ACTIVITY:
Find the line that contains "Lynsey Karagan, LPC". Copy it and every line after it to the end of the material below, exactly, with no pictures.

RAW DATA:
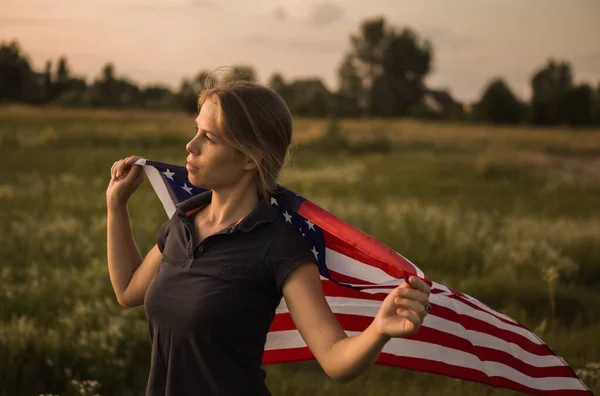 Amerikai Zászlós Lány Fut Természetben Naplementekor Függetlenség Napja Usa Hazafiak — Stock Fotó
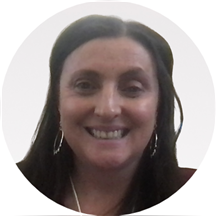Lynsey Karagan, LPC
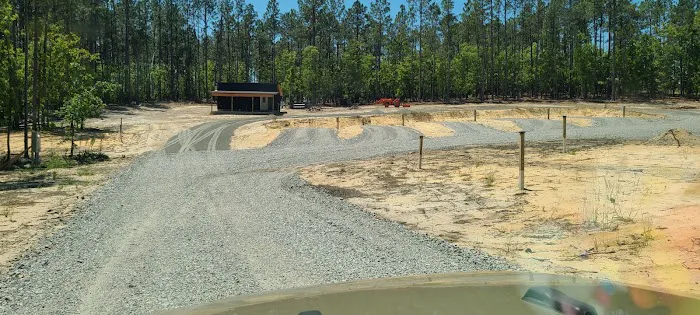 LMO Retreat RV park and Campground Picture 10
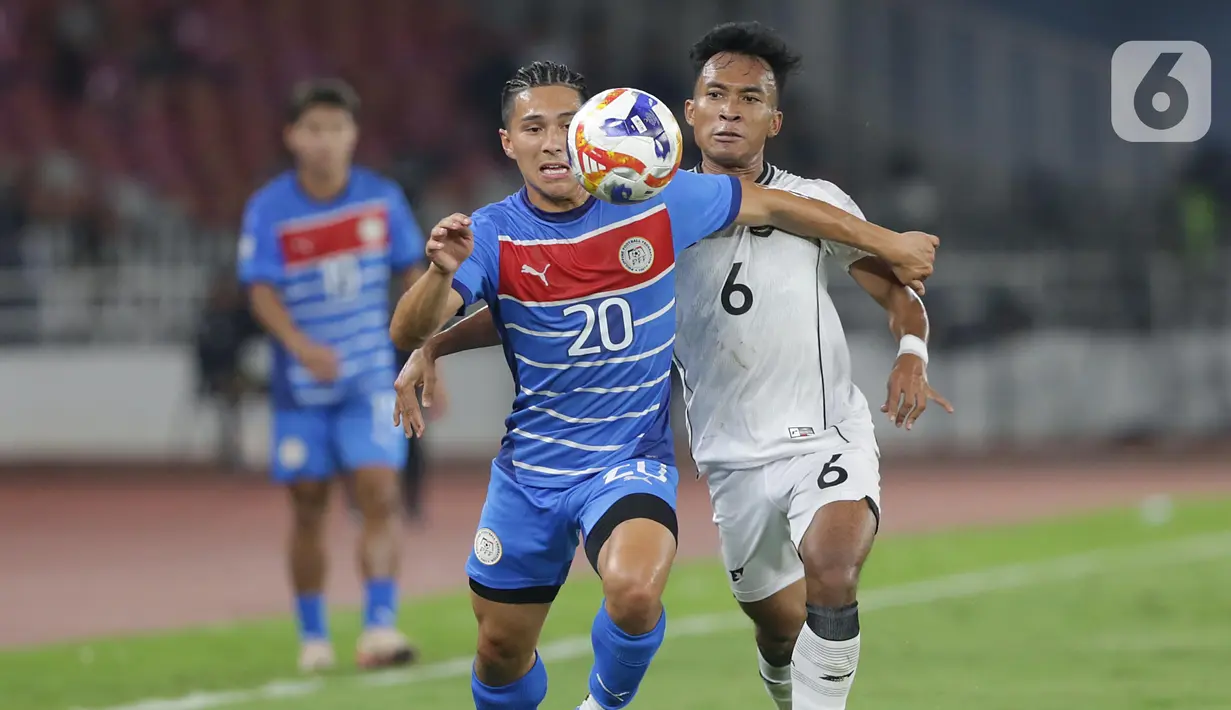 Beberapa peluang berhasil diciptakan. Tetapi tidak ada gol tambahan yang tercipta, skor 1-0 menjadi hasil akhir babak pertama. (Liputan6.com/Helmi Fithriansyah)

RESPONSE TO THIS EXERCISE:
Lynsey Karagan, LPC
 LMO Retreat RV park and Campground Picture 10
 Beberapa peluang berhasil diciptakan. Tetapi tidak ada gol tambahan yang tercipta, skor 1-0 menjadi hasil akhir babak pertama. (Liputan6.com/Helmi Fithriansyah)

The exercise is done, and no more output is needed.